Another commonly used plot type is the scatter plot. Here the points are represented individually with a dot or a circle.

In [None]:
x5 = np.linspace(0, 10, 30)
y5 = np.sin(x5)

plt.plot(x5, y5, 'o', color = 'black');

## Histogram


Histogram charts are a graphical display of frequencies. They are represented as bars. They show what portion of the 
dataset falls into each category, usually specified as non-overlapping intervals. These categories are called bins.

The **plt.hist()** function can be used to plot a simple histogram as follows:-


In [None]:
# using a series object (DataFrame column)
data1 = titanic['age']

plt.hist(data1); 

## Bar Chart


Bar charts display rectangular bars either in vertical or horizontal form. Their length is proportional to the values they represent. They are used to compare two or more values.


We can plot a bar chart using plt.bar() function. We can plot a bar chart as follows:-


In [None]:
titanic

In [None]:
data2 = titanic.groupby('pclass')['age'].mean()
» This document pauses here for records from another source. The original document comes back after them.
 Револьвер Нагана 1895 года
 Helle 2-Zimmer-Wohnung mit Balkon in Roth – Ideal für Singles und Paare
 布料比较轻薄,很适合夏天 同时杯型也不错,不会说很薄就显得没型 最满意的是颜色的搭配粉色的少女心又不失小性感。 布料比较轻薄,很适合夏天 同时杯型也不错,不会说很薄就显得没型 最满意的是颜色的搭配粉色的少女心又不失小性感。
plt.bar(range(len(data2)), data2)

plt.xticks(range(len(data2)), data2.index)

plt.show()

## Horizontal Bar Chart


We can produce Horizontal Bar Chart using the plt.barh() function. It is the strict equivalent of plt.bar() function.



In [None]:
plt.barh(range(len(data2)), data2)
plt.show() 

## Stacked Bar Chart


We can draw stacked bar chart by using a special parameter called **bottom** from the plt.bar() function. It can be done as follows:- 

In [None]:
A = titanic.groupby(['sex', 'pclass'])['age'].count()['female']
B = titanic.groupby(['sex', 'pclass'])['age'].count()['male']

z1 = range(3)

plt.bar(z1, A, color = 'b', label = 'female')
plt.bar(z1, B, color = 'r', bottom = A, label='male')

plt.xticks(z1, B.index)

plt.legend()

plt.show()

The optional **bottom** parameter of the plt.bar() function allows us to specify a starting position for a bar. Instead of running from zero to a value, it will go from the bottom to value. The first call to plt.bar() plots the blue bars. The second call to plt.bar() plots the red bars, with the bottom of the red bars being at the top of the blue bars.

## Boxplot


Boxplot allows us to compare distributions of values by showing the median, quartiles, maximum and minimum of a set of values.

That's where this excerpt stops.